17-го августа, в купе поезда Торн-Познань
Я никогда не забуду вчерашний день, проведенный в Вильне. Это не банкетная фраза.
Я прибыл и этот русско-польский город и полдень и был встречен овациями, а я таковых не люблю. В таких приемах бывают и много наигранного, и много внешнего эффекта.
Но дело приняло более серьезный оборот и стало более опасным, когда полиция, с первой же минуты оказавшая мне исключительное внимание, запретила всякие скопления и даже мою поездку в синагогу.
Через возбужденные еврейские переулки я все же проследовал в управление еврейской общины, где меня ждали представители и толпы делегаций. Приветствия были проникнуты тоном, так тронувшим меня, что только мысли о будущих газетных репортажах удержали меня от слез.
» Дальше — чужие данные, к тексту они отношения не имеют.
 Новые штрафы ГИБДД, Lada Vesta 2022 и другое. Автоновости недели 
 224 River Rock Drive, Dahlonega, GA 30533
В многочисленных речах ораторы дали моей личности крайне преувеличенную оценку, но эти угнетенные люди были действительно несчастными.
Позднее меня посетили в гостинице разные делегации преподнесшие мне подарки, а перед гостиницей все снова и снова собирались толпы, разгоняемые полицией. Полиция также распорядилась, чтобы я не разъезжал по городу.
Под вечер мы поехали в Верки, местечко, расположенное в часе езды от города, в котором евреям проживать запрещено. Наш друг Бен Яков снял там дачу, а учитывая транспортные условия этого русского {232} провинциального города, это место считалось отдаленным.
Он пригласил сюда около 50 гостей. То было гетто с добрыми геттовскими беседами. Стол был великолепен. Они старались сделать мне как можно больше добра. Среди многочисленных тостов выделялась прекрасная речь хозяина дома, проникнутая истинным древнееврейским благородством. Он сказал: "Все мы тут сегодня счастливы. Но счастливее всех я, ибо принимаю в своем доме этого гостя".
Его превзошли, однако, "непрошенные гости", появившиеся вдруг среди ночи у завешенных окон веранды: бедные парни и девушки из Вильно, проделавшие этот путь (пешком около двух часов), чтобы увидеть меня за столом.
Теперь они стояли на улице, смотрели, как мы кушаем и слушали наши речи. Затем они запели песни на иврите, обеспечивая нас таким образом застольной музыкой. Бен Яков, истинный благородный хозяин, был настолько добрым, что угостил и незванных гостей.
Среди этих молодых людей мне бросился в глаза молодой рабочий в синей блузке. Его грубые решительные черты лица дали мне повод полагать, что он является одним из революционных "бундистов", но он поразил меня здравицей в честь той поры, когда будет властвовать "король Герцль". В тиши темной русской ночи это смешное изречение выделялось с особой силой.
Мы вернулись в город, а в час ночи поехали из гостиницы на вокзал. Город не спал, ожидая моего отъезда. На улицах, по которым нам пришлось проезжать, прохожие, узнав меня, кричали "хедад!" (ура). Такие же возгласы послышались с балконов. Но в районе вокзала, где толпа все больше и больше возрастала, дело к сожалению, дошло до столкновений с брутальной полицией, получившей указание очистить вокзал. Пока моя повозка проезжала, я с ужасом смотрел на этот настоящий русский полицейский маневр. Возгласы "хедад!" и грубые полицейские окрики набрасывавшихся на бегущую толпу; мой кучер во всю мочь стегал кнутом лошадей.